Gabriel Albiac, ABC, 29/6/2011
El modo en el cual Zapatero garantizó al PNV la anulación de la sentencia del Supremo sobre Bildu, a manos de la institución partidista que preside el señor Sala, hubiera provocado una crisis de Estado en otros sitios. Aquí no.
ENVUELTO en la armadura de su estolidez, deliró ayer el presidente. No es nuevo. Hablamos de alguien que llegó al cargo merced a una rara carambola: su partido daba por perdidas las elecciones en 2004, buscó sacrificar a un desechable don nadie; no había otro más adecuado a ese desairado papel que el tal Rodríguez Zapatero. Y llegó lo no previsto: el 11M. Gobernó. Trajo la ruina.

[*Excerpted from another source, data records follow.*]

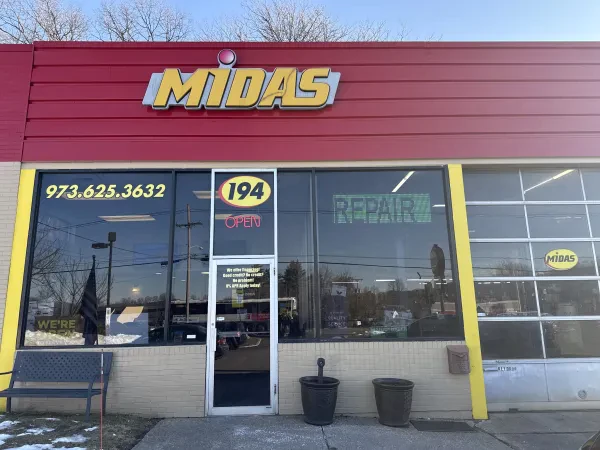 Midas - photo 4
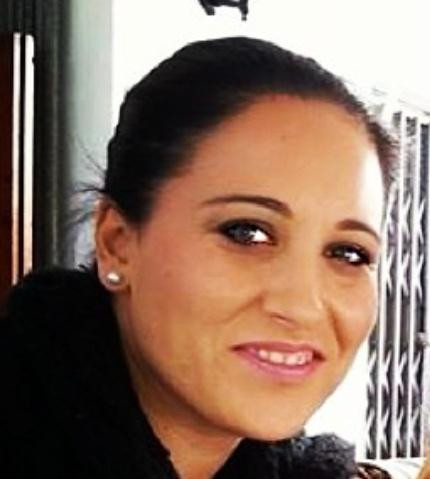 Mª Ángeles Andrades Martín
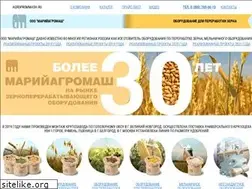 Sites similar to agroprommash.ru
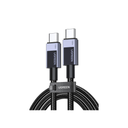 UGREEN KABELL USB-C TO USB-C FAST CHARGING 2M  L512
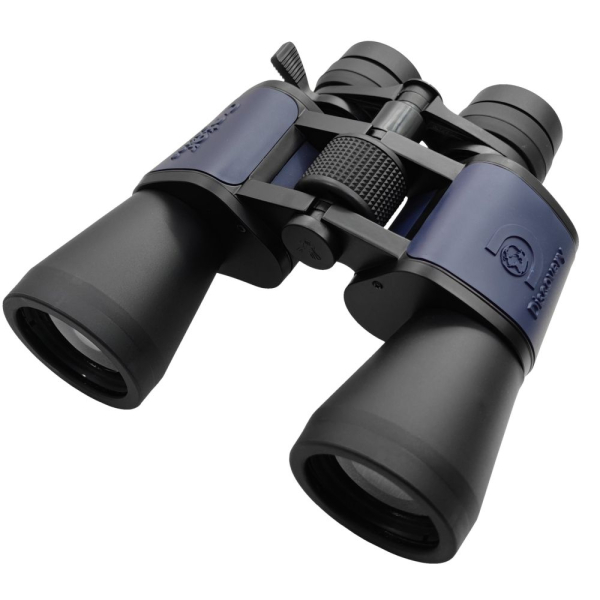 Бинокъл Discovery Gator 10–30x50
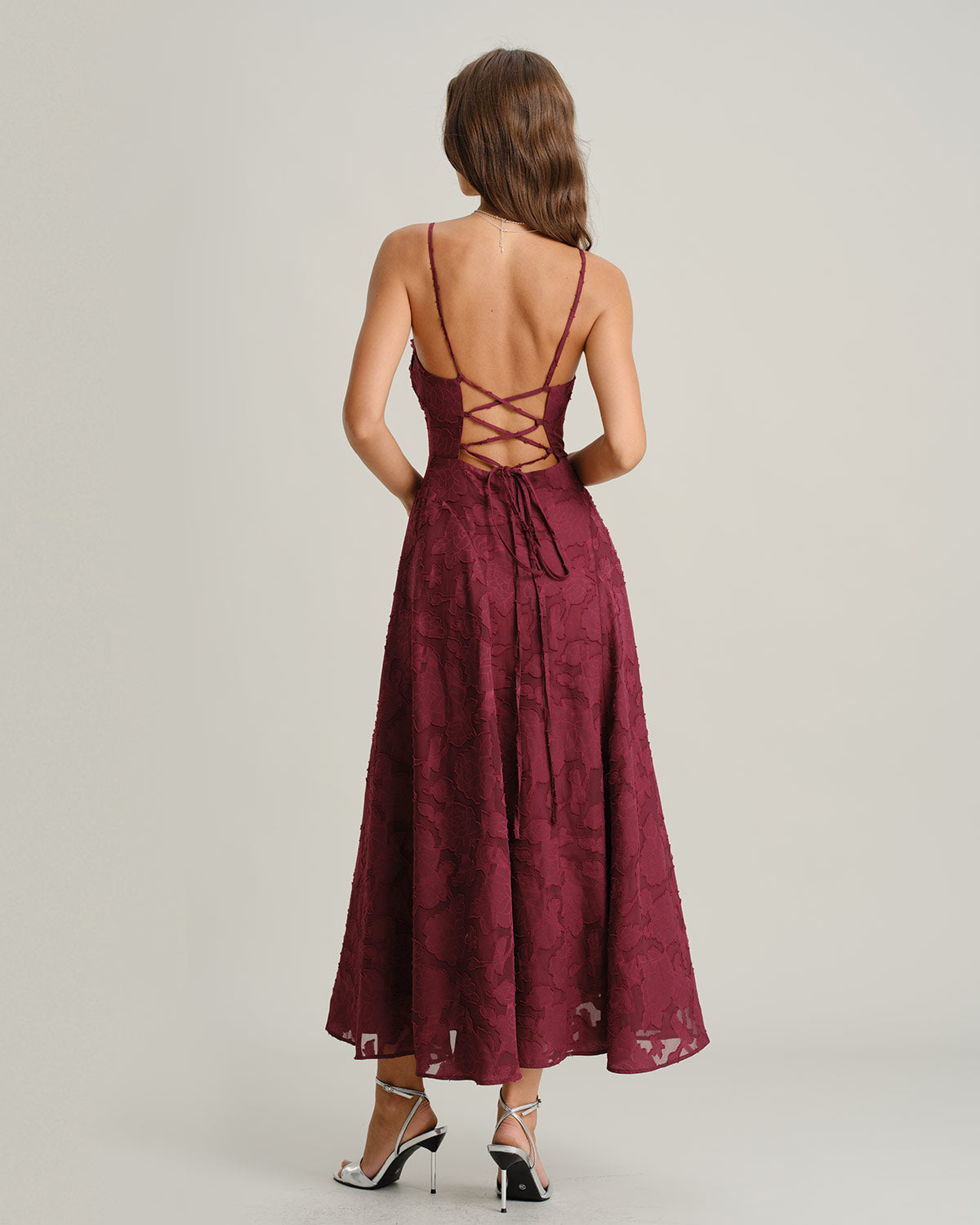 Elva™ | Elegant klänning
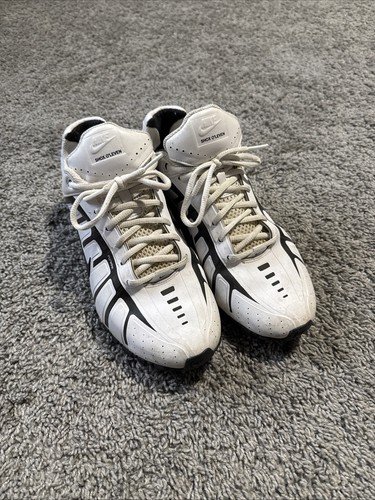 Nike shox leven - shox, o’leven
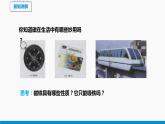 17.1 磁是什么（第1課時(shí)） 同步課件 初中物理滬科版九年級(jí)全一冊(cè)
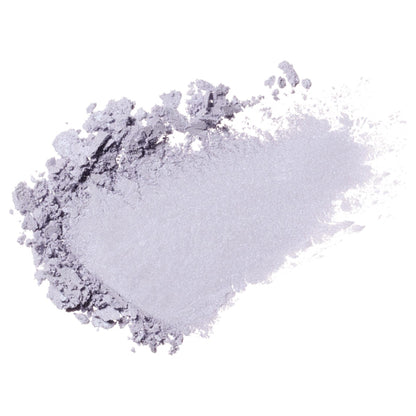 MiMC Bio Moisture Shadow, 33 Prana Flow, Silky Brown: 1.1g, Lavender Blue: 1.0g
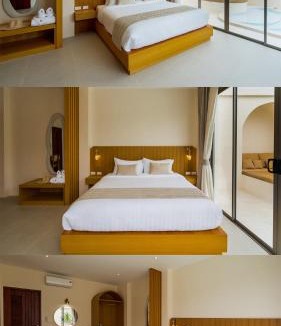 Mae Nam Villa | 2H RESORT KOH SAMUI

Daba vergüenza oírle farfullar ayer tonterías económicas que no entendía. Pero no, vergüenza daba al principio. Ahora concita el aburrimiento y el enfado. ¿Cómo ha podido permitir el Parlamento que una nulidad así dispusiera de siete años para completar su política de tierra quemada? Es terrible la responsabilidad de quienes no han sabido —más allá de las siglas de partido— negociar juntos la destitución de un sujeto fuera de sus cabales y, por tanto, perjudicial en igual medida para todos. Un insensato no tiene ni color ni ideología. Tiene sólo peligro.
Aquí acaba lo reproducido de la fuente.